Did the Tribunal err in its assessment of damages?

  1. Although Ms Lallu based her claim in misleading and deceptive conduct, the Tribunal appeared to apply the statutory guarantee as to correspondence with description in the Australian Consumer Law (Qld) (ACL). The Tribunal found that the “selling of the car did not match the description as that term is known in consumer law”.[6]

    [6]Transcript of Proceedings, Lallu v Asimus (Queensland Civil and Administrative Tribunal, Southport Claim MCDO530/17, Member Lee, 6 October 2017) I-26.

  2. We disagree. The words that comprise the description for the purposes of s 55 of the ACL are confined to words of identity rather than quality, that is, to words that go to describing the kind, class or species of the goods. In our view, the classification of the car in the PPSR were not words of description for the purposes of s 55.

  3. That said, we consider that the representation by Mr Sprowles/Lawrence that the car was in a “minor accident” was misleading within the meaning of s 18 of the ACL (Qld). It was misleading because it would lead a reasonable consumer into error. It does not indicate that it had been in a sufficiently serious accident so as to be classified as a repairable write-off.

  4. Mr Asimus authorised the representation made by Mr Sprowles/Lawrence and is therefore liable for it being misleading or deceptive.

  5. The remedy for a contravention of s 18 is damages, as assessed under s 236 of the ACL (Qld). By way of damages, the Tribunal awarded Ms Lallu half of the difference between the estimated value Ms Lallu ascribed in her evidence to the car as a repairable write-off and the price she paid. Ms Lallu told the Tribunal she would have paid $5,000.00 for the car as a repairable write-off. The difference was $9,500.00. Half of this was $4,750.00.

  6. While there is little evidence of the value of the car as a “repairable write-off”, we find that there is no reason to depart from the Tribunal’s assessment.

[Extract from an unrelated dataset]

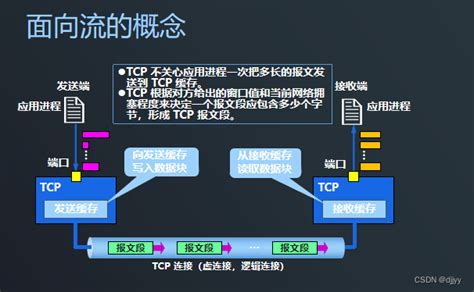 面试官：TCP和UDP两者的区别是什么？ - 惊觉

The award was based on the evidence before the learned Member.

  7. Accordingly, although the learned Member was in error in finding a breach of s55, rather than s 18, of the ACL (Qld), the damages awarded were nevertheless reasonable on the available evidence.  In the circumstances, the error made by the Tribunal was not material.

    Conclusion

  8. Having regard to the jurisdictional issue discussed in these reasons, leave to appeal is granted.

  9. However, as the error made by the Tribunal was not material to its decision, the appeal is dismissed.